Recently, the following video has been running rampant all over the Internet:
I'm going to start by acknowledging how important what Mr. Wahls did is. Speaking up for your family in an articulate manner, especially to a legislative body that is considering whether or not to recognize your family at all, is a challenging thing to do. It takes courage and the belief that what you're doing is more important than how nervous or afraid you might be. Being an ally for any given cause takes a particular kind of courage- the strength to Do The Right Thing- because you've always got the privilege of pretending that an issue doesn't pertain to you. I'll also acknowledge that when a movement is trying to achieve a controversial goal- in this case, the recognition of same-sex marriages- trying to find common, nonthreatening ground is a completely reasonable strategy. The less your opposition can criticize you, the easier it is to get what you want. So using an all-American, high-achieving, White, educated young cis man as a spokesperson for same-sex marriage in a socially conservative state seems very wise and effective.
That being said...
What does that say about our (in this case, Americans') social expectations and categorizations of worthy or unworthy? If it takes someone who's close to perfect to convince people that same-sex marriage isn't the end of existence, then what does that mean for all the parents out there- same-sex or otherwise- whose children aren't close to perfect? Are they failures as parents? Are they the reason the Iowa legislature wasn't willing to recognize same-sex relationships? Are they not permitted to marry? I get the feeling that heterosexual couples raising children will never have to hold their model children up as proof that their relationship is legitimate. In fact, I get the feeling that a heterosexual couple asked to do so would get pretty snarky, particularly since it's a commonly-accepted fact in American heterosexual families that- even when parents are good parents- children can be really screwed up. The underlying message of Mr. Wahls' appearance in the state legislature- not one intended to be communicated by him, I'm sure, but one that Americans tend to generate and receive whenever social controversy comes up- is that same-sex parents have to produce perfect children in order to legitimize their relationship. They can't afford to have messed-up children- in other words, they can't be human parents.
This is a common theme throughout American social movements. The early first-wave feminists of the late 19th and early 20th centuries used the "model spokesperson" tactic by asking that their demonstrators wear perfect clothes and use perfect comportment (besides chaining themselves to buildings, of course) to appeal to the sympathies of the men wielding electoral power. Civil rights activists in the 1950s and 60s were instructed to use passive resistance so as to minimize opponents' opportunities to paint the protestors as violent, dangerous people. Spokespeople for social assistance programs such as Temporary Aid to Needy Families are usually the ones who have managed to make superhuman efforts (living on less-than-minimum wage while raising five academically talented children in the ghetto, for example) to survive. As I said earlier, for the opponents to any of these movements or programs, such representatives are much harder to hate than the ones that can be labeled as "unworthy" in any way (in these examples, in order, unfeminine, violent, or lazy).

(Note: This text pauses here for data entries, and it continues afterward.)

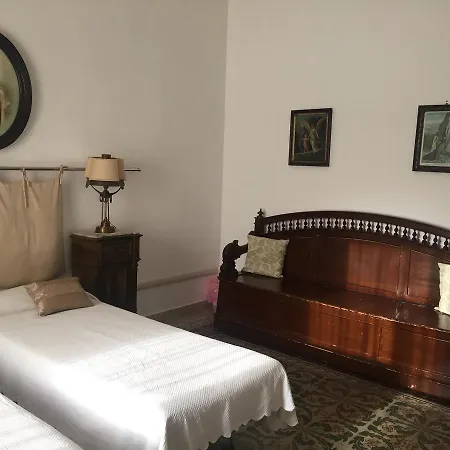 Guest house Center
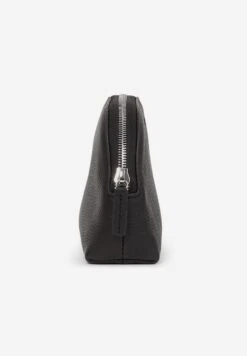 Marc O'Polo POUCH SMALL - Kosmetiktasche - Black 10 Marc O'Polo POUCH SMALL - Kosmetiktasche - Black -Mode Familie bb6422f2dca24aa4bba10b406600b1bb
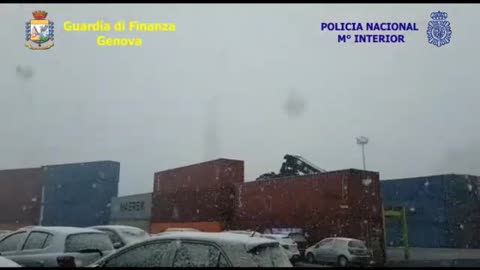 Genova, cocaina nascosta nei borsoni. Sequestrate due tonnellate di droga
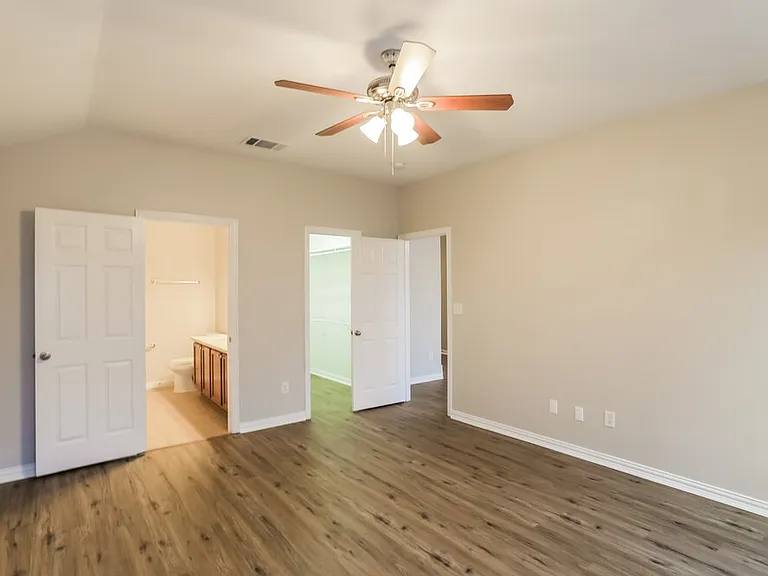 713 Cedar Cove Dr — Photo 10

The problem is that human rights are rights for a reason. You shouldn't have to be superhuman, uberfeminine, or a living punching bag to feed your family, cast a vote, or be treated like a person. You shouldn't have to be a "model" anything to be assessed as a person or as a parent. Permitting same-sex marriage and parenting, to go back to Mr. Wahls' address, shouldn't be based on whether your children could run a Fortune 500 company immediately after high school. Permitting same-sex marriage and parenting shouldn't be based on anything that's related to the sexes and genders of the people involved. We don't generally assess parenting by whether or not the children are the product of a heterosexual marriage; when we do, we're more concerned with the (gender-neutral) aspects of the marriage such as violence or a high-conflict divorce than whether or not both parties had specific sets of genitalia. And when we assess heterosexual marriage, period, we care about genetics (i.e. "are you first cousins?") more than any other category. It's only with the subgroups that spokespeople must be as nonthreatening as possible.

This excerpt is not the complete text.